Jim Matherly appears headed to victory over Kathryn Dodge for a second three-year term as mayor of the city of Fairbanks.
Matherly had 1,720 votes, 49.73%, to Dodge’s 1,516, or 43%, with all 12 precincts reporting.
There are 838 ballots remaining to be counted, however. These include special needs ballots, absentee ballots — including both in-person and mail-in ballots — and questioned ballots.
Lakesha Jordan had 138 votes for 3.99%, and “conscience awareness” candidate Frank Turney received 75 votes, or 2.17%.
“I am very excited at the numbers that are currently there,” Matherly said. “I also know they’ve got some more to count, so I don’t like to be uber-conclusive, but I’m feeling very confident.”
Matherly then thanked those who voted and commented on the rise in voter numbers, saying, “I think that’s terrific.”
He and other elected members of city government will be sworn in at the Oct. 14 City Council meeting.
First on Matherly’s agenda is the upcoming budget, a draft of which is due to City Council by early December. He also anticipates recruiting more police officers and incorporating more community policing in the new year.
“I could not be more honored than to have the support that I had today,” Matherly said.
He went on to thank Dodge specifically for “a wonderful race,” saying he appreciated the back and forth the two shared through their campaigns.
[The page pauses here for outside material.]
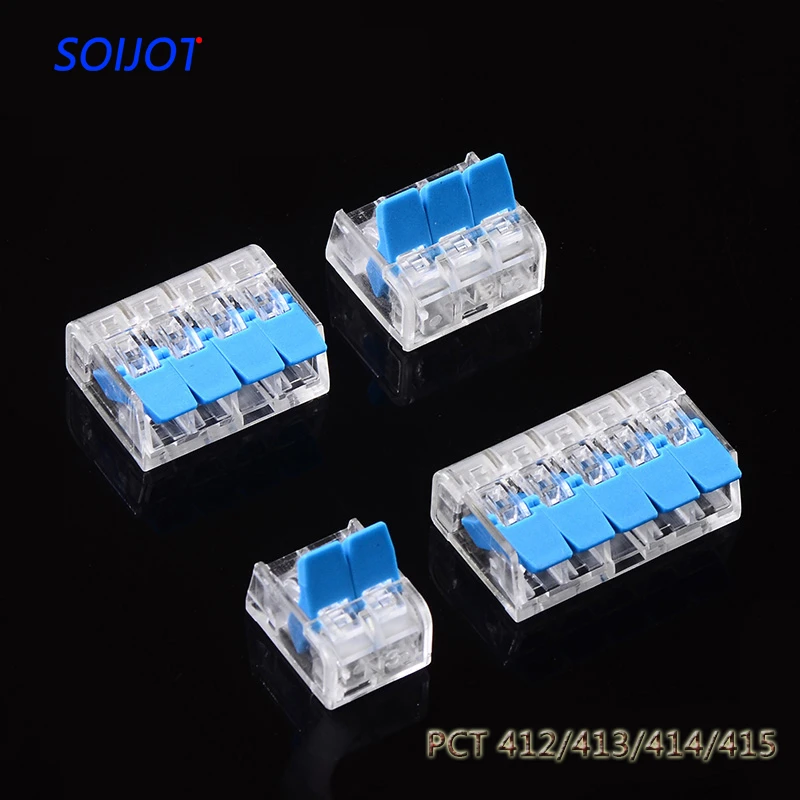 10pcs/lot  Mini Fast Wire Connector Universal Wiring Cable Connector Push-in Conductor Terminal Block SJ-412/413/414/415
He also thanked Turney and Jordan.
“Everybody had a really good campaign,” Matherly said.
Dodge gave a brief statement via text message.
“I feel like I am the candidate who is here to bring home the message that every vote counts,” she wrote, noting there were hundreds of uncounted votes that "shouldn't go unmentioned," she wrote.
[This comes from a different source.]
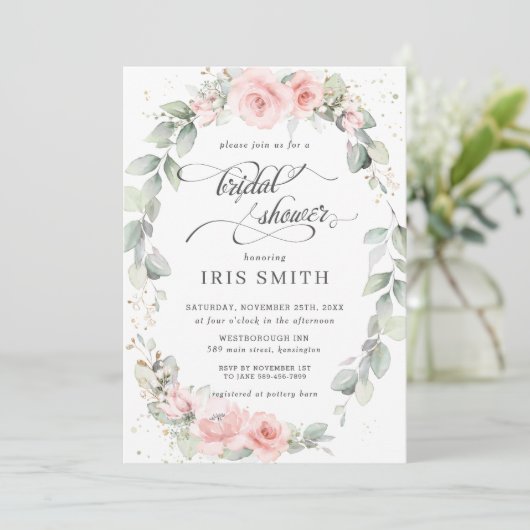 シック赤面ピンクフローラリーフリースブライダルシャワー 招待状 (スタンド正面)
Dodge lost a 2018 election for Alaska House of Representatives by a single vote.
“One thing I’ve seen in common across the races I’ve run is that Fairbanks is deeply split," she added. "My hope is that the people of Fairbanks are able to find a way to come together, regardless of the outcome of this election.”
She encouraged residents to continue to work toward change, saying, “Your vote and your action counts, especially here in the Golden Heart City.”
Matherly’s first term as mayor was marked by two key occurrences.
First, he came into office with the city facing a projected long-term revenue shortfall .
To deal with it, he and the City Council proposed a property tax increase in 2017, but voters rejected it.
Then he tried, as he would in each of his three years in office, to raise the city’s hotel/motel bed tax, but the City Council rejected that idea each time, most recently in June.
Finally, Matherly proposed raising the city’s property tax mill rate cap, but the council rejected that idea in July out of concern over an unrelated matter — the mayor’s personal use of a city vehicle.
The final year of his term was marked not by a fiscal matter but a social one — controversy over a proposed equal rights ordinance for the LGBTQ community.
Matherly first supported the measure, which the council approved after extensive public comment at City Council meetings.
But he ultimately changed his mind and vetoed the ordinance, writing in a column published in the Daily News-Miner that “I believe this question should be given to city residents that choose to exercise their voting rights. ... this ordinance is bigger than a mayor and six council members.”
The City Council then fell one vote short of overriding the veto.
Matherly was born and raised in Fairbanks. In addition to his jobs as mayor and DJ, Matherly has also worked in insurance and banking. Matherly is the father to six children, several of whom attend Fairbanks schools.
Matherly was exposed to politics from a young age. His parents and extended family were politically involved. He decided to run for mayor in high school when he watched the attempted assassination of Ronald Reagan on television. He hoped to become mayor of Fairbanks by the age of 50. He missed that goal, but was proud to have earned the title in the 2016 election.
Matherly attends Light of the World Lutheran Church, says he loves music and is active in local events.
Dodge is a former educator and economic development specialist. She previously served two terms on the Fairbanks North Star Borough Assembly. She lost an election for the Alaska House of Representatives in 2018 by a single vote.